TO DO:
Quote the data below in full, minus the images.
•••••
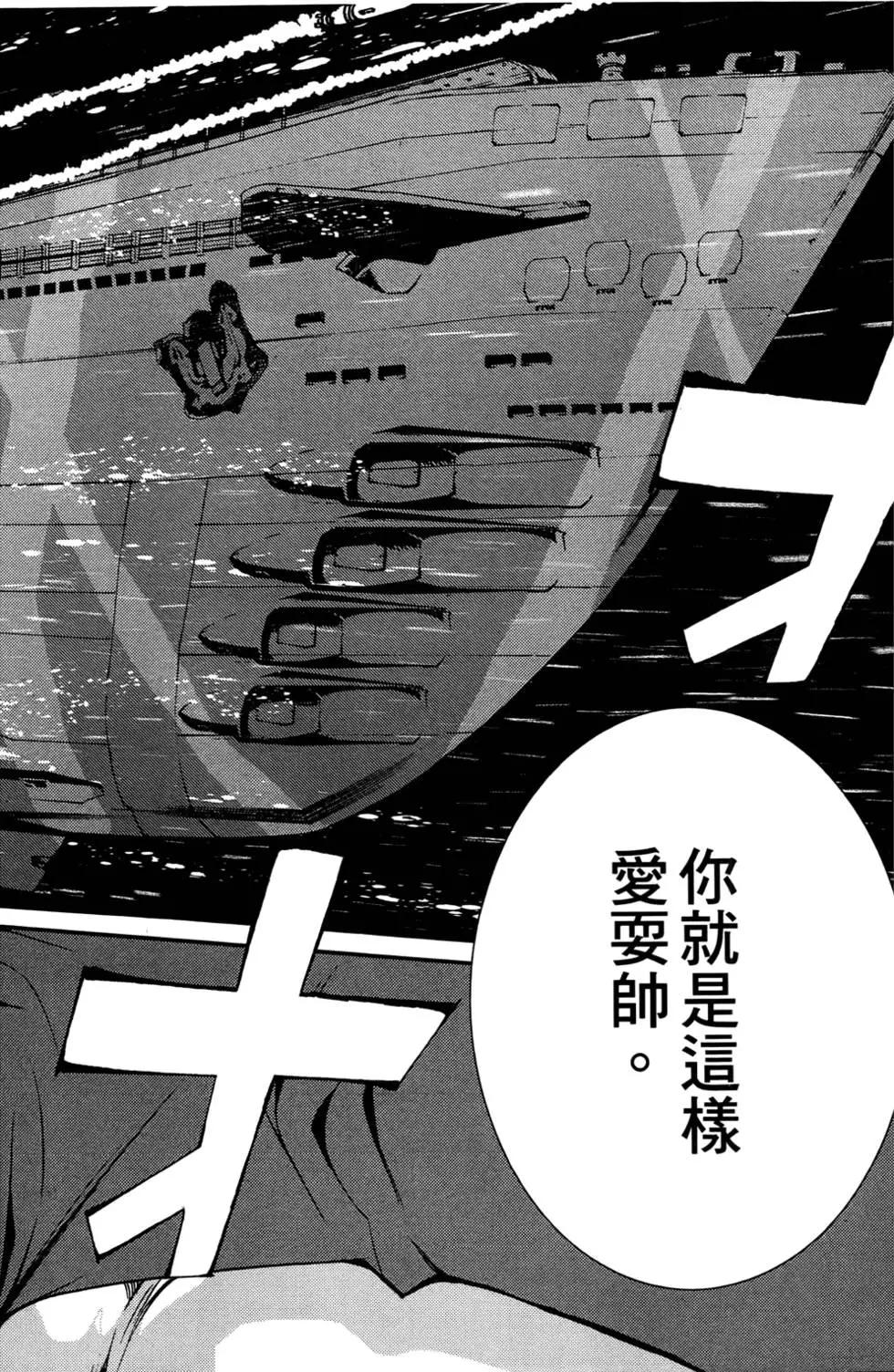 第 32 页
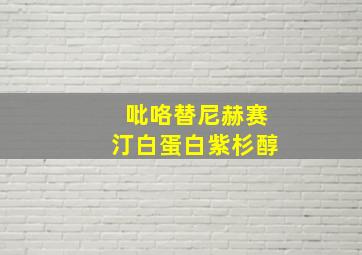 吡咯替尼赫赛汀白蛋白紫杉醇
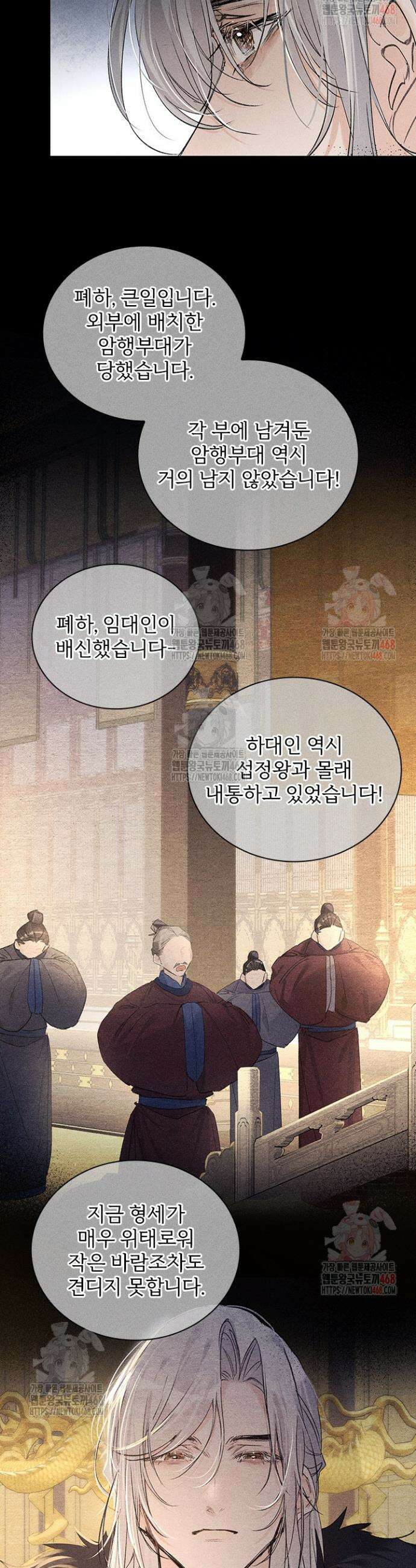 적의 유혹에 빠지다 58화 3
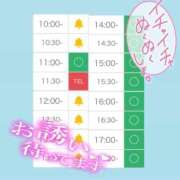 ヒメ日記 2025/07/24 02:37 投稿 アイス☆AF極みバニー☆ ドMなバニーちゃん 名古屋・池下店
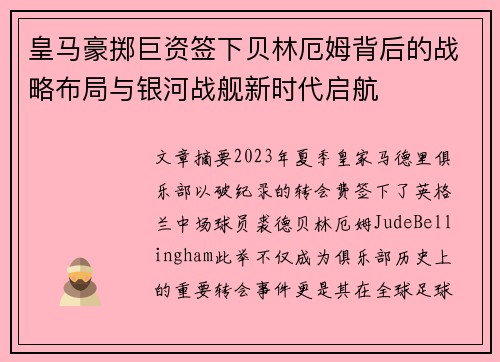 皇马豪掷巨资签下贝林厄姆背后的战略布局与银河战舰新时代启航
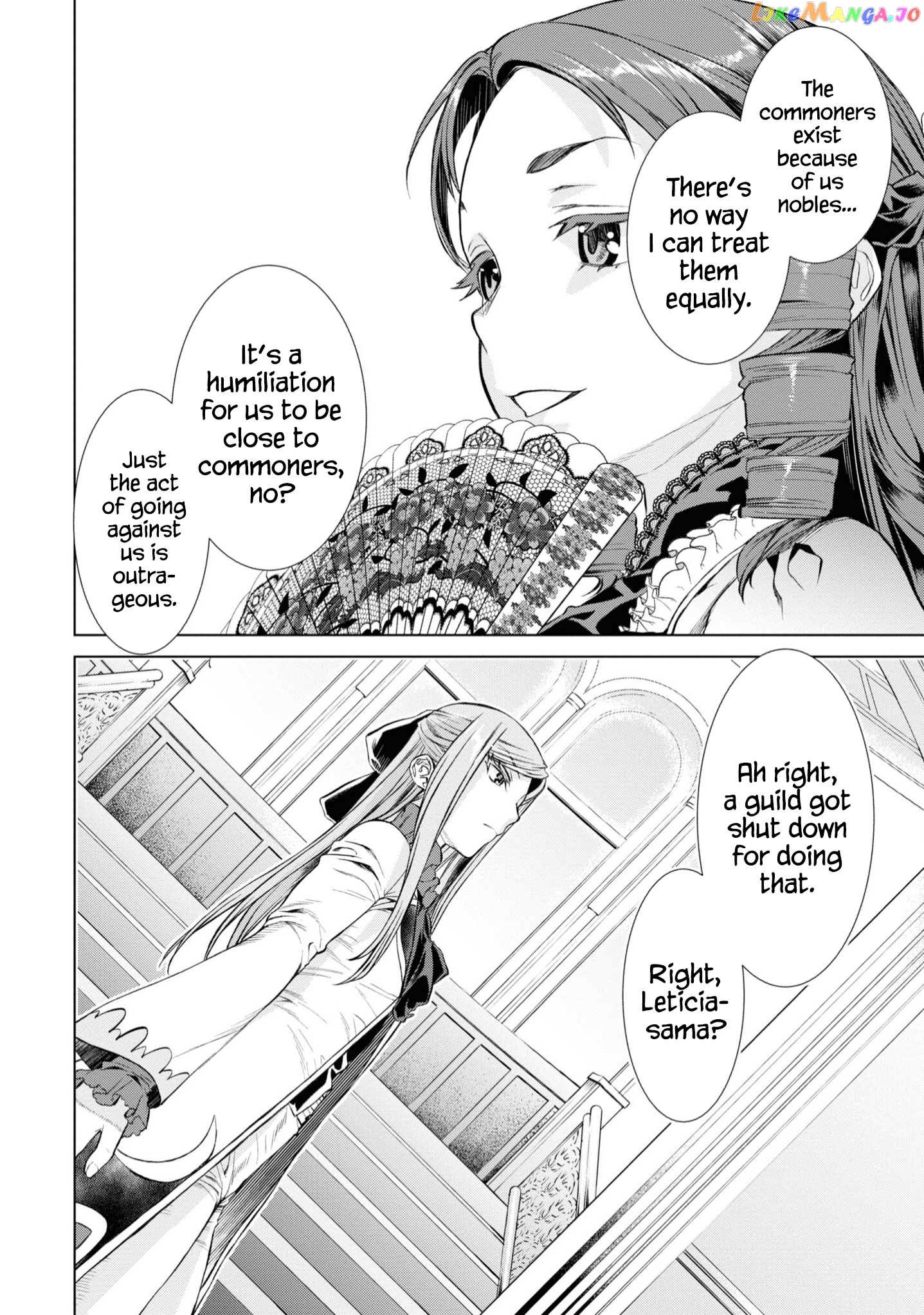 Isekai de Skill wo Kaitai shitara Cheat na Yome ga Zoushoku Shimashita: Gainen Kousa no Structure chapter 46.5 - page 7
•••••
SOLVED PROBLEM:
 第 32 页
 吡咯替尼赫赛汀白蛋白紫杉醇
 적의 유혹에 빠지다 58화 3
 ヒメ日記 2025/07/24 02:37 投稿 アイス☆AF極みバニー☆ ドMなバニーちゃん 名古屋・池下店
 皇马豪掷巨资签下贝林厄姆背后的战略布局与银河战舰新时代启航
 Isekai de Skill wo Kaitai shitara Cheat na Yome ga Zoushoku Shimashita: Gainen Kousa no Structure chapter 46.5 - page 7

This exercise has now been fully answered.